§ Task requirements
Beneath this line sits some data. Return only its lines from the one holding "Next, let's unravel" through the one holding "If you liked", inclusive, exactly, with the images removed.

(Saved entries)
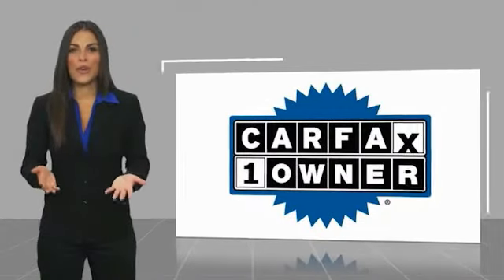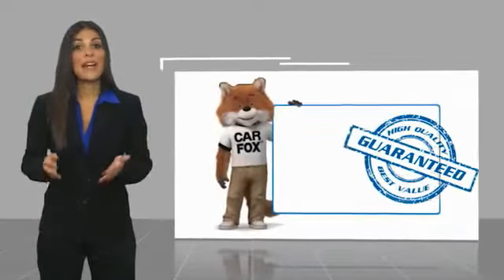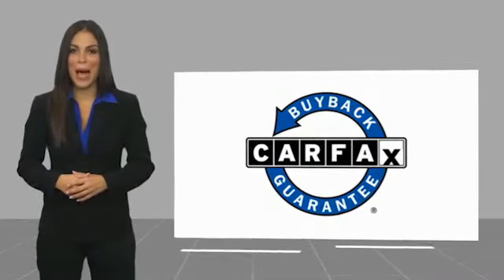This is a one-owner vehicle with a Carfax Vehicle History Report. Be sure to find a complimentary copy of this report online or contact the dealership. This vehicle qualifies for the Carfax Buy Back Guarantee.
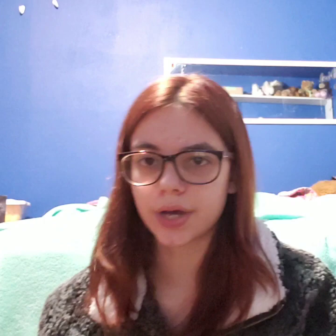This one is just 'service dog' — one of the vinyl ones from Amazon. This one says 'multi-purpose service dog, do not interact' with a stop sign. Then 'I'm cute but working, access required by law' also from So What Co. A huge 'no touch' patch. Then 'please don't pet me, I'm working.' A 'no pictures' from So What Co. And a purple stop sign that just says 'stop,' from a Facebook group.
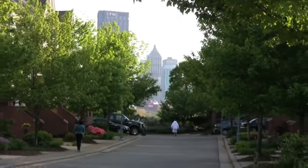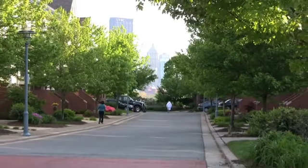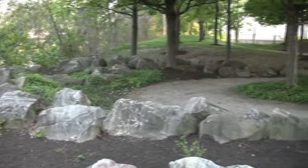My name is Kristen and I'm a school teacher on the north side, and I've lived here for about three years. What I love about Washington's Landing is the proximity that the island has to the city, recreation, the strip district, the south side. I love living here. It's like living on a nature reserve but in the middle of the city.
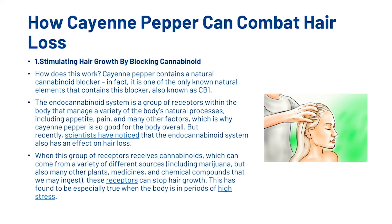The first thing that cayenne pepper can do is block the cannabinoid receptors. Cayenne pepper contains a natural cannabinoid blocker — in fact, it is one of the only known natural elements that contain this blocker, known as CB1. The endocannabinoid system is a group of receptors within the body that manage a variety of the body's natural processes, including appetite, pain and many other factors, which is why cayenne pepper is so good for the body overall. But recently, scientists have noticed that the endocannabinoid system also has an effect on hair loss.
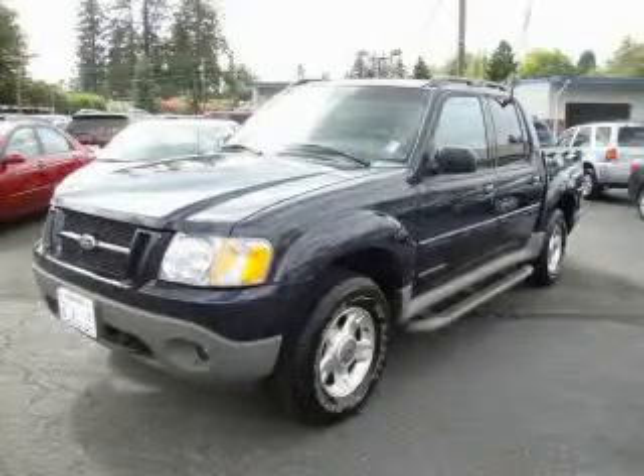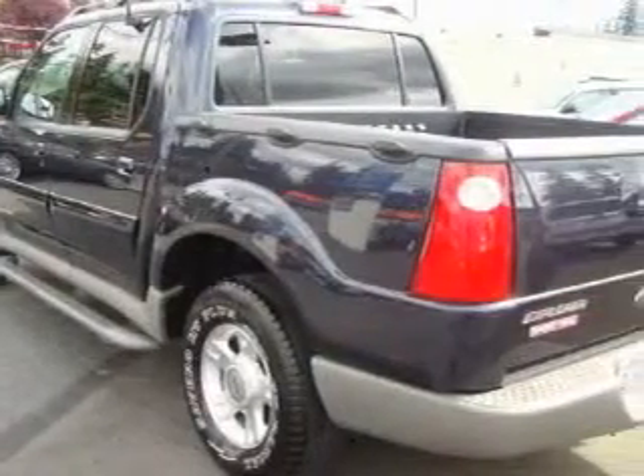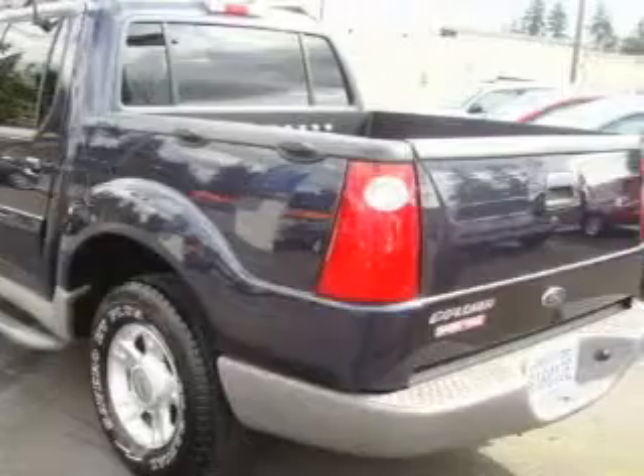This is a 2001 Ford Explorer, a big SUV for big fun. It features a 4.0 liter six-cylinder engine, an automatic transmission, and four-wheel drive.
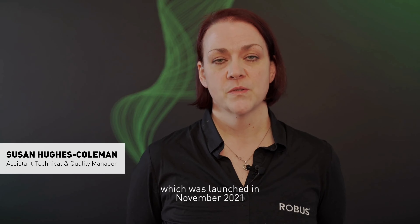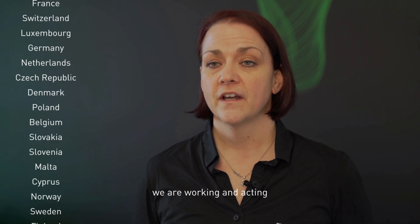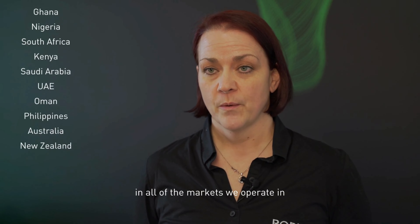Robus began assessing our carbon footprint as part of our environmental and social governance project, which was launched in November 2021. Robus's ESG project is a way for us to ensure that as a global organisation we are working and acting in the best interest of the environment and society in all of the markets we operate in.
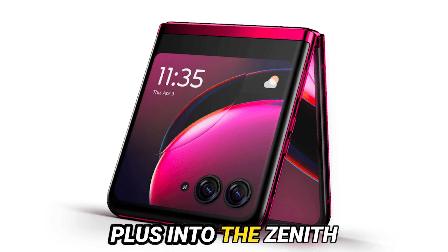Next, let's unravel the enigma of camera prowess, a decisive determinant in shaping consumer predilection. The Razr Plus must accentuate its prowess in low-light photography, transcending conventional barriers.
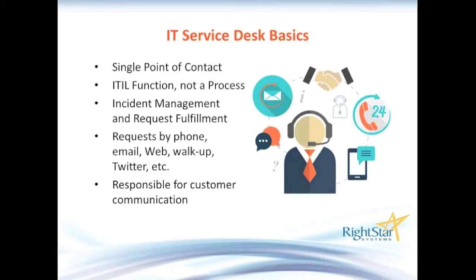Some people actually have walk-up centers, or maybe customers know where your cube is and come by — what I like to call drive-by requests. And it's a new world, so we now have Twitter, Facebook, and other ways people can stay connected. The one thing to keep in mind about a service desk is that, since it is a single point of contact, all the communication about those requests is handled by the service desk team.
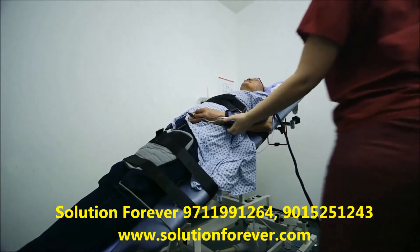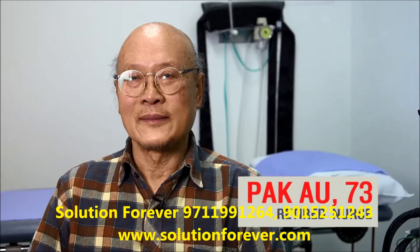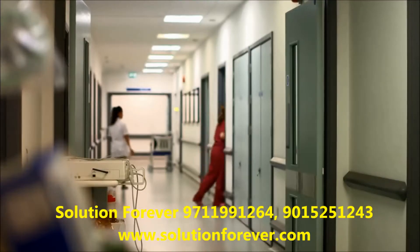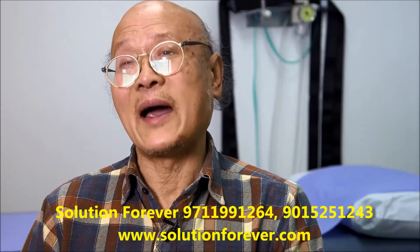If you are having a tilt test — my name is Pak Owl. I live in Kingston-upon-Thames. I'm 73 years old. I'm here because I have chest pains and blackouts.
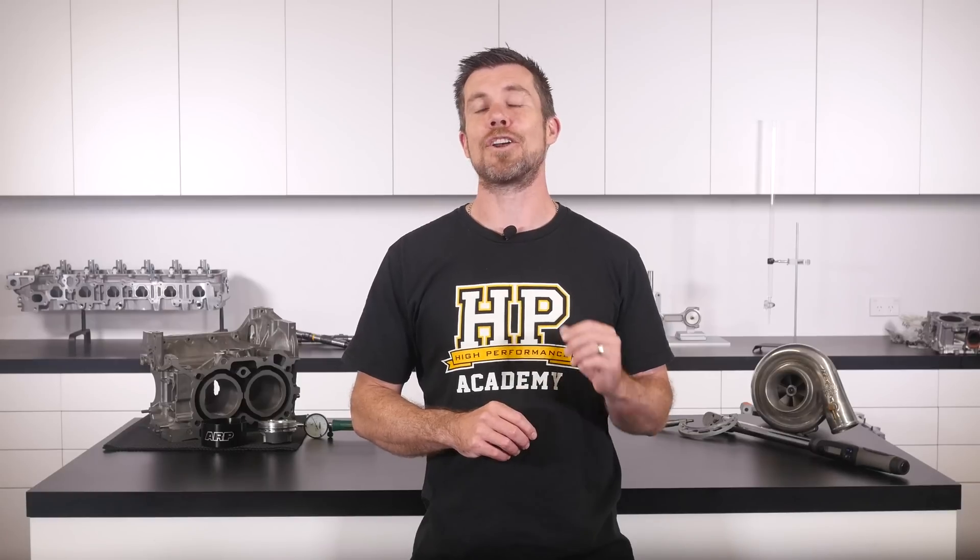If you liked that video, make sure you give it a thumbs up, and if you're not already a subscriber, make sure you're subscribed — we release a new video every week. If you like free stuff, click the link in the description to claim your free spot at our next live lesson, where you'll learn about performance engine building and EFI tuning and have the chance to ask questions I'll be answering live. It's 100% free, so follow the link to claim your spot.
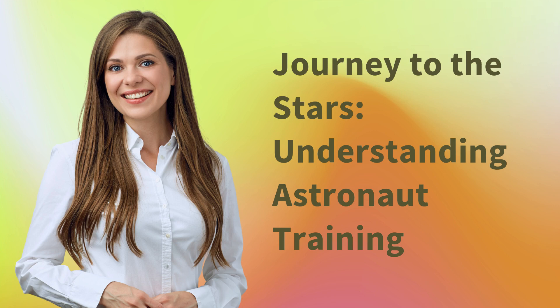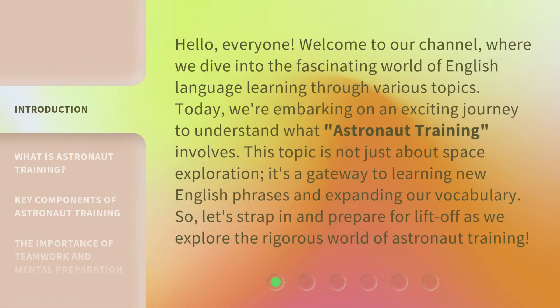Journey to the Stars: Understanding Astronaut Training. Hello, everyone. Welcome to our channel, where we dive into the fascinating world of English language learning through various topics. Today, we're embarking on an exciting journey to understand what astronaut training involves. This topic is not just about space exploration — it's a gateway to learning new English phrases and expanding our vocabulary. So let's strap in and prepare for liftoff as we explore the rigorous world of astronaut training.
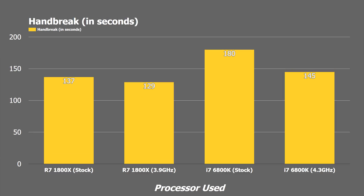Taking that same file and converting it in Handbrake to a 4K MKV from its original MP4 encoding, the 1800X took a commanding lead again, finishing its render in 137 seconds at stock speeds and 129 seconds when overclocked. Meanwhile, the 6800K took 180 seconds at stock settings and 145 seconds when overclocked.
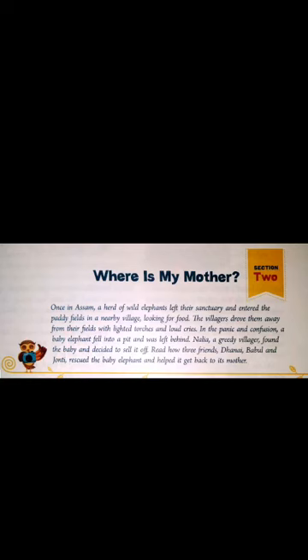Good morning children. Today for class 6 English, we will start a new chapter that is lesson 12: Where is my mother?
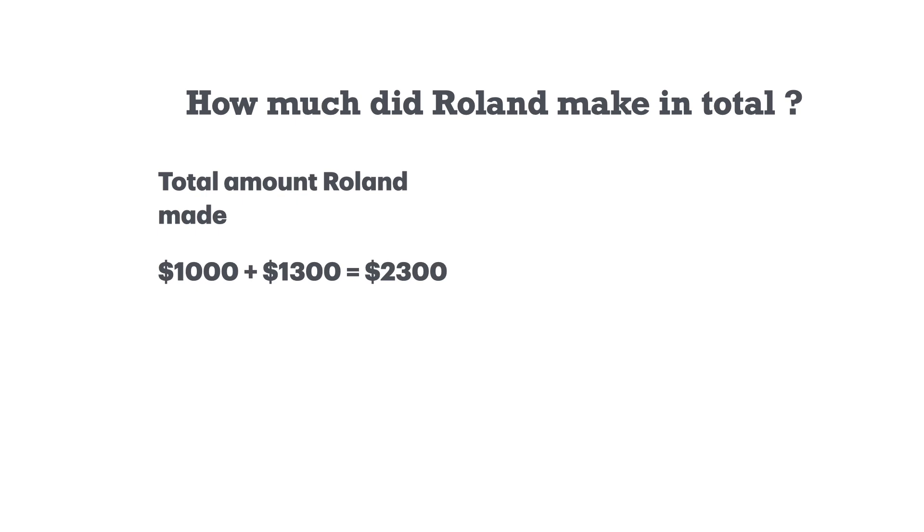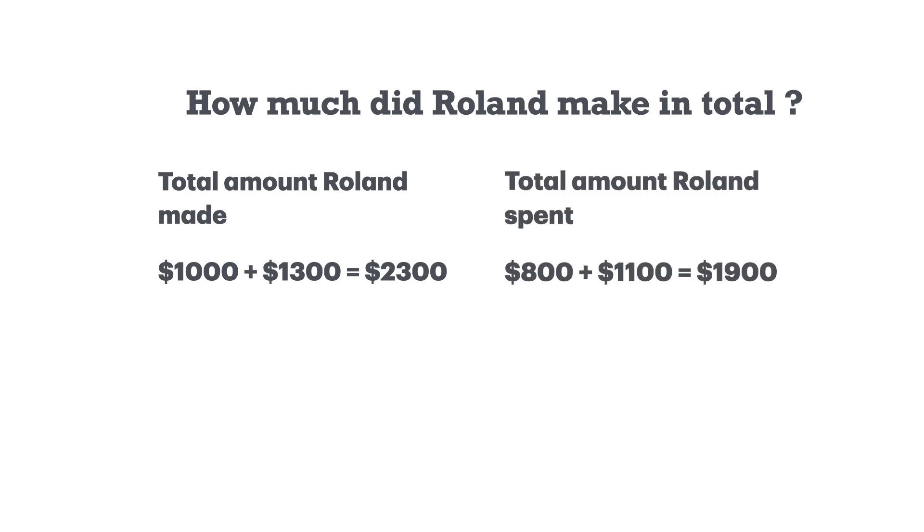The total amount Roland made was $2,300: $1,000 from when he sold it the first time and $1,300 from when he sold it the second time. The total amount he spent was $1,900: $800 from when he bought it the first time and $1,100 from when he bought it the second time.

§ Written response
Next, let's unravel the enigma of camera prowess, a decisive determinant in shaping consumer predilection. The Razr Plus must accentuate its prowess in low-light photography, transcending conventional barriers.
Some people actually have walk-up centers, or maybe customers know where your cube is and come by — what I like to call drive-by requests. And it's a new world, so we now have Twitter, Facebook, and other ways people can stay connected. The one thing to keep in mind about a service desk is that, since it is a single point of contact, all the communication about those requests is handled by the service desk team.
If you are having a tilt test — my name is Pak Owl. I live in Kingston-upon-Thames. I'm 73 years old. I'm here because I have chest pains and blackouts.
If you liked that video, make sure you give it a thumbs up, and if you're not already a subscriber, make sure you're subscribed — we release a new video every week. If you like free stuff, click the link in the description to claim your free spot at our next live lesson, where you'll learn about performance engine building and EFI tuning and have the chance to ask questions I'll be answering live. It's 100% free, so follow the link to claim your spot.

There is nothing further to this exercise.